Film de David et Raphaël Vital-Durand
Pays : France
Année de sortie : 2018
Scénario : Stéphane Miquel, David Vital-Durand et Raphaël Vital-Durand, d’après le roman Et mon cœur transparent de Véronique Ovaldé
Photographie : Jérôme Robert
Montage : Richard Marizy
Musique : Erwan Coïc
Avec : Julien Boisselier, Caterina Murino, Serge Riaboukine, Sara Giraudeau, Magaly Berdy
Lancelot : Le monde est limpide et mon cœur, transparent.
Et mon cœur transparent remue les codes du polar à la française par le biais d’une atmosphère décalée, mêlant film noir et conte engagé. Une réussite.
Synopsis du film
Lancelot Rubinstein (Julien Boisselier) se laisse porter par un mariage monotone et un quotidien sans surprises, jusqu’au jour où il rencontre la belle Irina (Caterina Murino), avec laquelle il se met rapidement en couple. Tous deux partagent des jours heureux jusqu’au jour où Irina meurt dans des circonstances mystérieuses. Lancelot réalise alors peu à peu qu’il ignorait beaucoup de choses sur sa compagne…

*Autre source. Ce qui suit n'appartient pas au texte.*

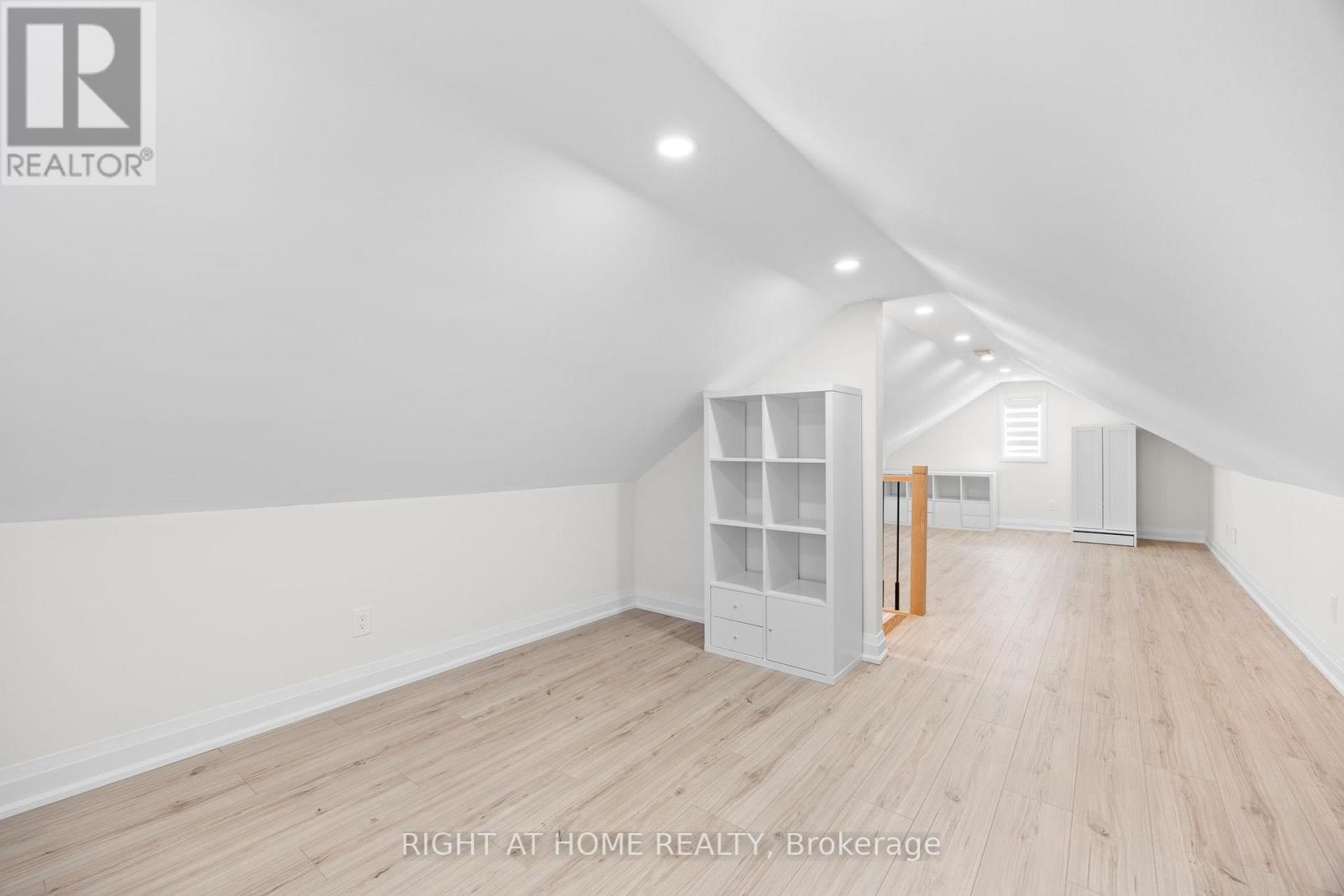 961 Victoria Park Avenue, Toronto, Ontario  M4B 2J4 - Photo 25 - E13000064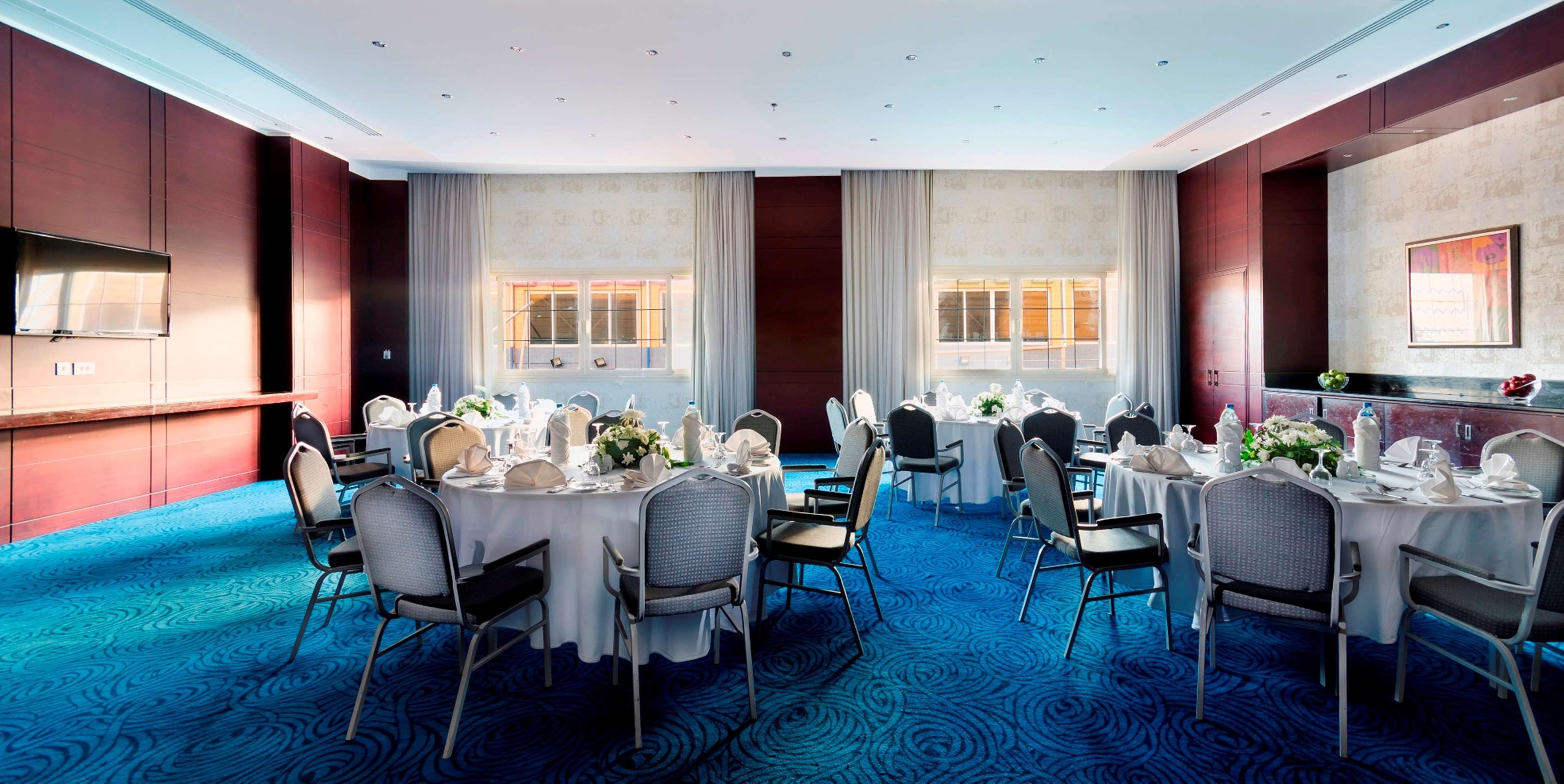 Complex Hilton Plaza 5*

Critique de Et mon cœur transparent
Avant de réaliser avec son frère Raphaël Et mon cœur transparent, son premier long métrage pour le cinéma, David Vital-Durand a tourné des clips (pour Brigitte Fontaine et Sinead O’Conor, notamment) et a participé (en 2013) au Cross Channel Film Lab, un laboratoire de recherche dont la vocation est de favoriser l’utilisation de technologies modernes (comme la 3D et les effets spéciaux) chez des films à petit et moyen budget.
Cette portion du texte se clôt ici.